Après "The Wall", vous avez quitté Pink Floyd. Que s'est-il passé exactement ?

Richard Wright : à l'époque de "The Wall" Roger Waters avait le pouvoir et nous ne nous entendions plus. Je n'ai donc pas vraiment eu le choix, j'ai dû quitter le groupe, ce qui ne m'a pas fait plaisir. Après ça, Dave, Roger et Nick ont fait l'album "Final Cut" qui n'a pas bien marché. Puis Roger est parti et lorsque j'ai appris que Dave et Nick enregistraient "Momentary Lapse of Reason", je leur ai proposé mes services. Je suis arrivé très tard pendant le processus d'enregistrement et je n'ai pas eu le temps d'apporter une contribution substantielle.

Les membres de Pink Floyd n'accordent pratiquement jamais d'interviews. Pourquoi cette discrétion ?

Richard Wright : quand Pink Floyd sort un disque, nous n'avons pas besoin de ça. Historiquement d'ailleurs, nous n'avons accordé d'interview qu'à titre exceptionnel. Notre manière à nous de faire la promotion a toujours été de donner des concerts. Comme il n'y a pas de tournée prévue cette fois, si je ne rencontre pas quelques journalistes, personne ne saura que j'ai sorti un album solo.

Contrairement à Dave Gilmour, vous ne faites jamais de sessions pour d'autres.
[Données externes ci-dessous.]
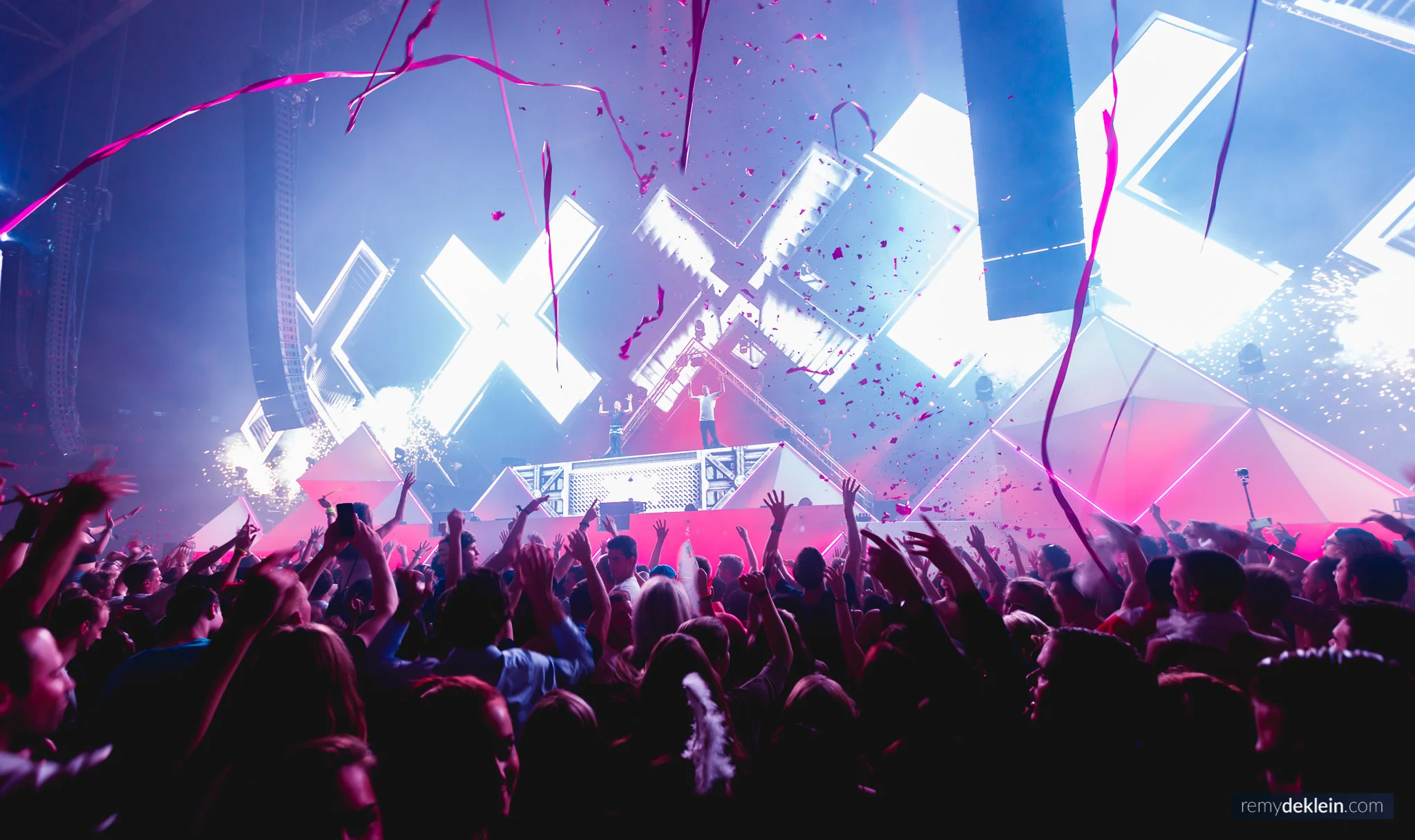 Amsterdam Music Festival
Il y a une raison à cela ?

Richard Wright : on ne me demande jamais ! Je crois que mon style est trop spécifique, trop marqué par Pink Floyd. Et puis, je ne suis pas techniquement le meilleur claviériste du monde..

Est-ce que la technique n'a pas pris trop d'importance aujourd'hui ?

Richard Wright : la force de Pink Floyd réside plutôt dans l'imagination, dans les atmosphères, que dans la technique. C'est aussi pour cette raison que je ne fais pas beaucoup de sessions. Beaucoup de musiciens jouent mieux et plus vite que moi. Mais ma technique a beaucoup évolué depuis trente ans, celle de Dave également. Je considère le clavier plutôt comme un outil pour créer des atmosphères, des couleurs. Dans les sixties, quand nous avons débuté, le blues était à la mode et l'atmosphère était primordiale. Miles Davis disait que l'important n'était pas la note, mais le silence entre les notes.

Quel genre de musique vous passionne aujourd'hui ?

Richard Wright : j'aime beaucoup Talking Heads, Peter Gabriel, le jazz. Le dernier CD que j'ai acheté est l'album de R. E. M. En réalité, je n'écoute pas grand-chose d'actuel. Je devrais sans doute m'y intéresser plus. Ça doit faire quatre/cinq ans que j'ai décroché de l'actualité.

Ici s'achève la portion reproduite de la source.